No. I'm going to be running the rsync job on the NAS.
Here's what I was thinking. If the periodic snapshot had a pre-command, I could use this to start the rsync of another system, and after it finished, the snapshot would be performed.

Basically, the operation would go something like this:
1) Periodic snapshot task starts.
2) Runs precommand
2a) rsync runs to sync a remote server to the local nas.
3) Snapshot is taken.

The only modifications to this dataset would be the rsync process.

This would be similar to the way the NetApp filer we are replacing works with it's snapvault function.
 

cyberjock

Inactive Account
Joined
Mar 25, 2012
Messages
19,526
Yeah, rsync doesn't work like that. Once it starts running it returns you to the command line and runs in the background(at least it did for me). So even if it ran as a precommand the snapshot would be taken seconds after the rsync starts and your snapshot wouldn't include your rsync'd data.
 

emcadmin

Dabbler
Joined
Jan 14, 2013
Messages
15
>Yeah, rsync doesn't work like that. Once it starts running it returns you to the command line and runs in the background(at least it did for me). So even if it ran as a precommand the snapshot would be taken seconds after the rsync starts and your snapshot wouldn't include your rsync'd data.

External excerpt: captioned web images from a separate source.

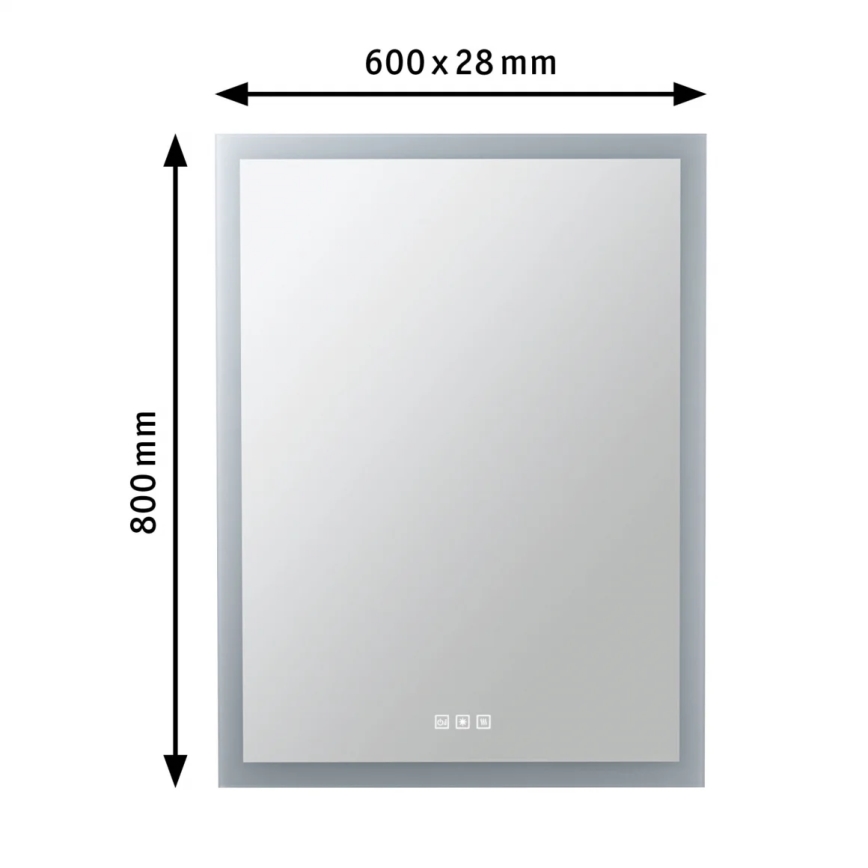 Paulmann 78951 - LED/22W IP44 Himmennettävä kylpyhuone lämmitetty peili kanssa taustavalo 230V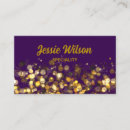 Search for violet business cards Sparkle
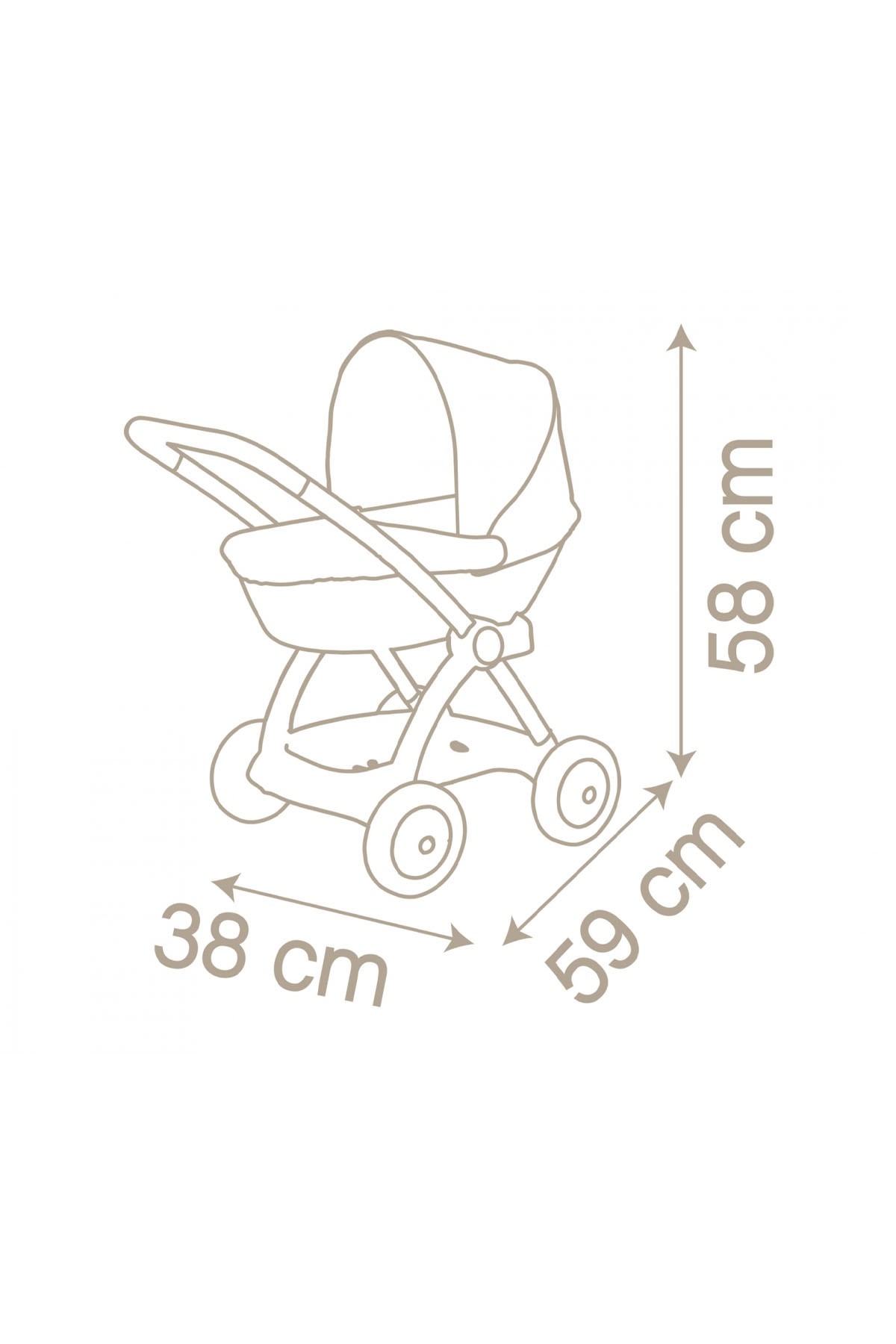 Smoby Baby Born Chuli Pop Oyuncak Bebek Arabası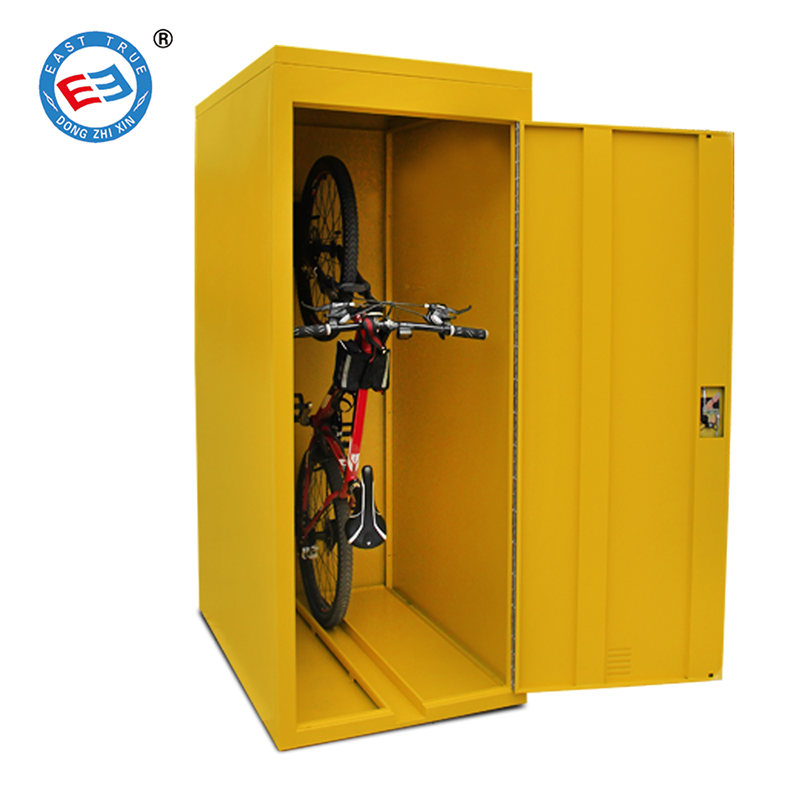 Customize steel bike storage shed outdoor public bike storage locker box metal bike shed for storing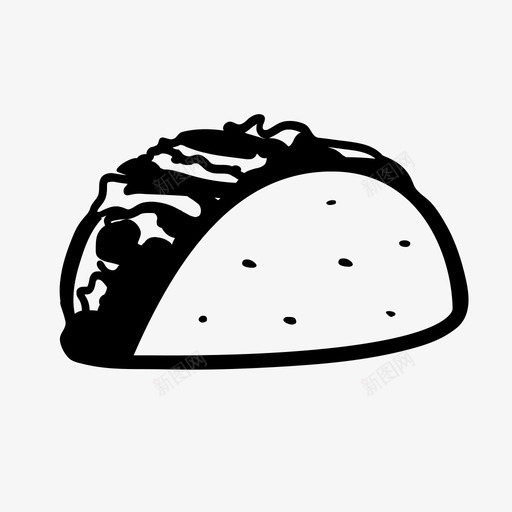 墨西哥玉米饼玉米煎饼食物svg_新图网 https://ixintu.com 墨西哥 玉米饼 玉米 煎饼 食物 膳食 小吃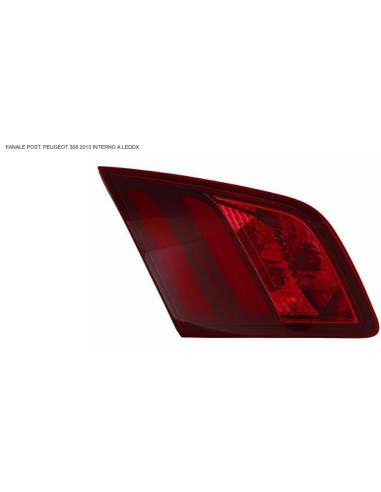 Right internal led rear light for peugeot 308 2013-2017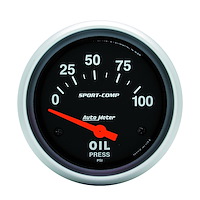 Sport-Comp Oil Pressure Gauge 2-5/8" Electrical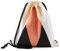 Nacnic Tote Rucksack mit Design (beide Seiten). Mit baumwollfestem Gewebe gemacht. Bandolera mit Seilen. Rotes geometrisches Modell Earth für Turnhalle, Bücher, Dayria, Reisen.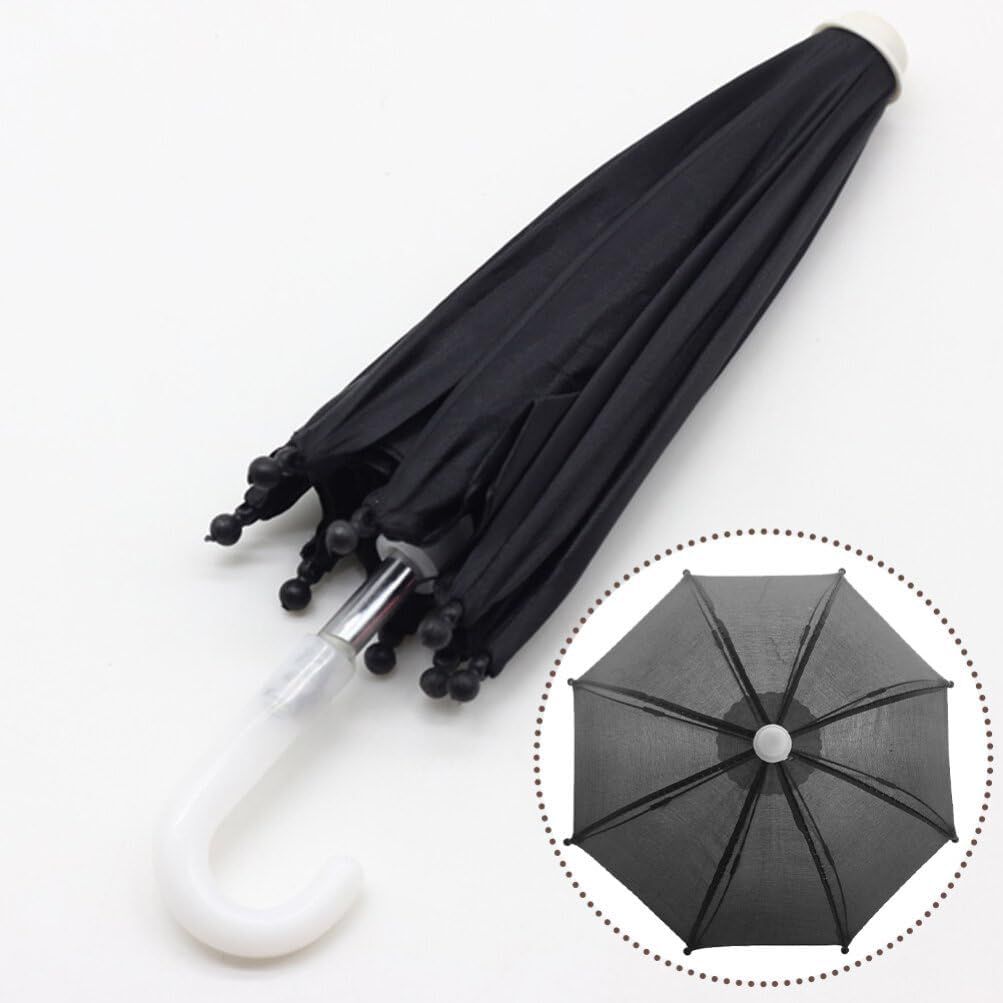 2pcs Mini Doll Umbrella Tiny Beach Umbrella Cute Umbrella Parasol for 18 Doll view 4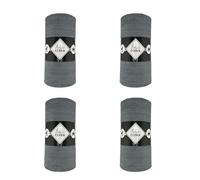 Chiffons microfibres de nettoyage en rouleau - Chiffon microfibre Réutilisable, Déchirable et Sans Peluche pour Nettoyage Multi-Usages - Rouleau de 75 chiffons microfibre 30x30cm - Gris - Lot de 4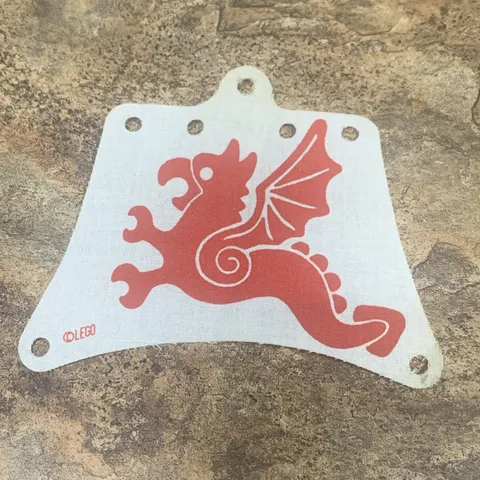LEGO Vintage 1994 Sail 12x10 w Red Flying Dragon Sea Serpent Castel Knights 605t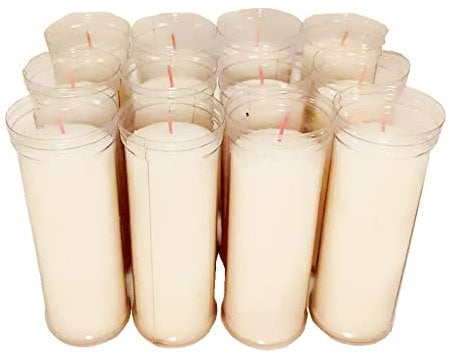 Velón Santo, Velón, Velas Litúrgicas. (16cm 24Undades, Blanco)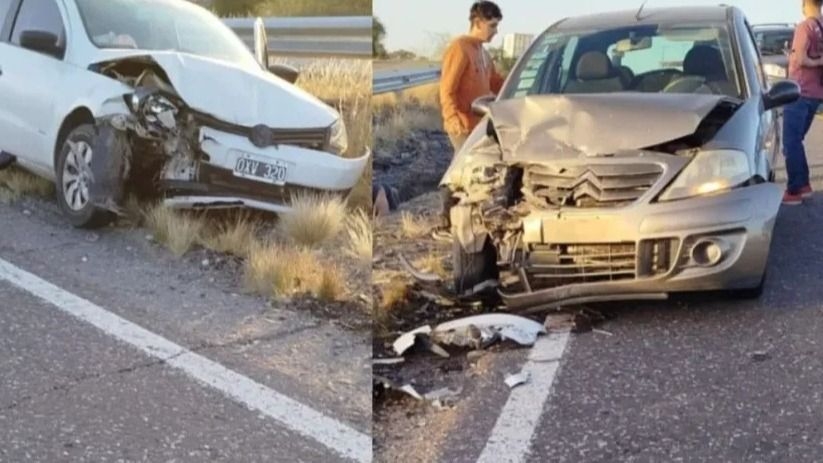 Choque frontal entre dos autos camino a la Difunta Correa dejó varios ...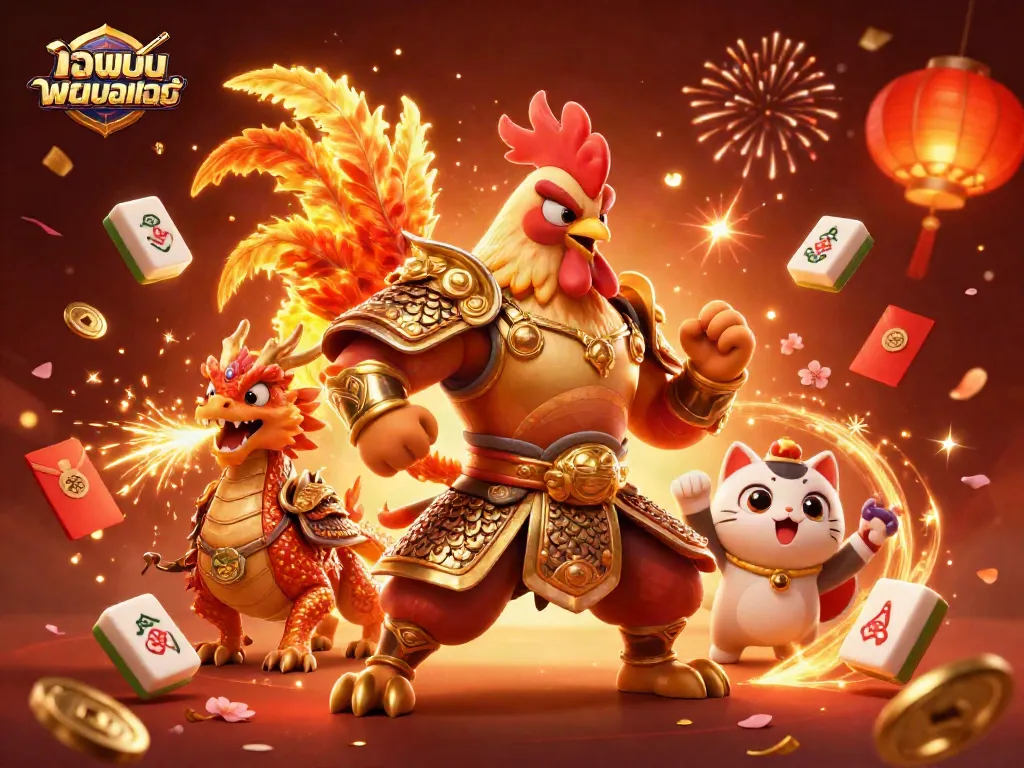 เฝ้าดู เว็บพนันออนไลน์ กับนักรบไก่ในชุดเกราะซามูไรทองคำและมังกรที่หายใจไฟ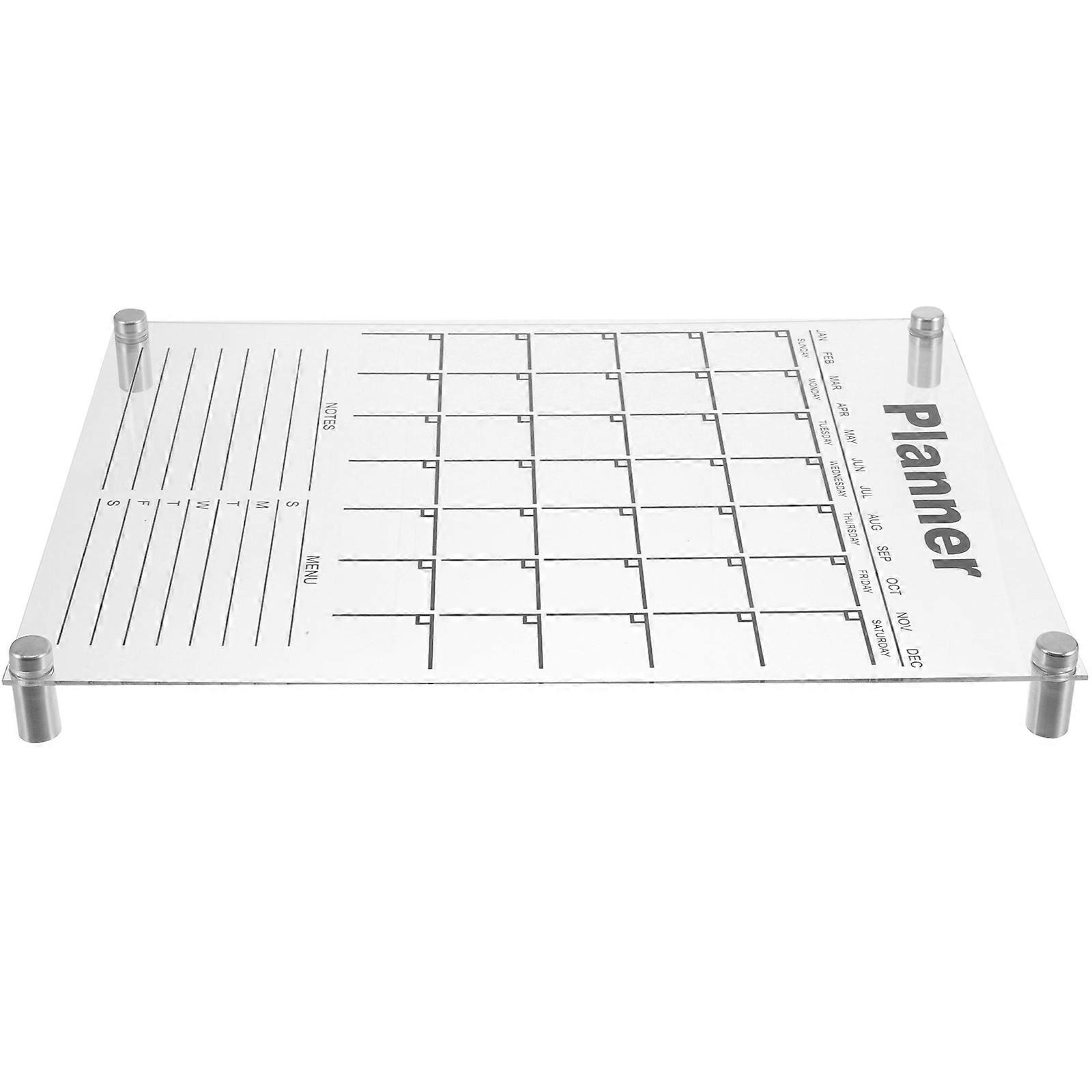 Acrylic Wall Calendar Erasable Message Board Dry Erase Planner Weekly Schedule To Do List Transparent Decorative Board Home Office Use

Rsync is just like any other unix process. It will not return to the command prompt after it is invoked until it is finished or the command was requested to go into the background. I have already used rsync on the NAS to do the copy. I just want the snapshot to be taken after rsync runs.
 

fracai

Guru
Joined
Aug 22, 2012
Messages
1,212
I see a few options here.

1) Snapshots are pretty much instantaneous, so just schedule the rsync task to occur after the snapshot task. OK, scheduling snapshots is tricky, but if you set up the task and then rename the latest snapshot so the time is when you want the snapshots to occur, it should be reliable. (Basically, if you want snapshots to occur on the hour: set a snapshot task, wait for it to run, use "zfs rename" to change name of the snapshot so the minutes part of the name is "00". Your next snapshot for that task should occur on the hour.)

Is it really that important that you get a snapshot right after the rsync completes?

2) Instead of relying on two tasks to rsync and snapshot, write a wrapper script that executes the rsync command and then makes a new snapshot. You can even name the snapshot using the same format as the snapshot task would (@auto-YYYYmmdd-HHMM-"retention time (2m/4d/3w/etc.)"). Rsync should indeed not return until the task is complete, unless it was invoked with an '&' at the end to indicate that it should be a background task.


Personally, I picked option 1. Once you've got a few rsync tasks running, for varying sizes of data, it gets harder and harder to make sure you're snapshotting after everything is done. So instead, just snapshot on each hour and run your rsync tasks right after that.
 

emcadmin

Dabbler
Joined
Jan 14, 2013
Messages
15
I see a few options here.

1) Snapshots are pretty much instantaneous, so just schedule the rsync task to occur after the snapshot task. OK, scheduling snapshots is tricky, but if you set up the task and then rename the latest snapshot so the time is when you want the snapshots to occur, it should be reliable. (Basically, if you want snapshots to occur on the hour: set a snapshot task, wait for it to run, use "zfs rename" to change name of the snapshot so the minutes part of the name is "00". Your next snapshot for that task should occur on the hour.)

Is it really that important that you get a snapshot right after the rsync completes?

I planned on having a zfs replication task run. From what I have seen, the replication task runs after the snapshot is taken.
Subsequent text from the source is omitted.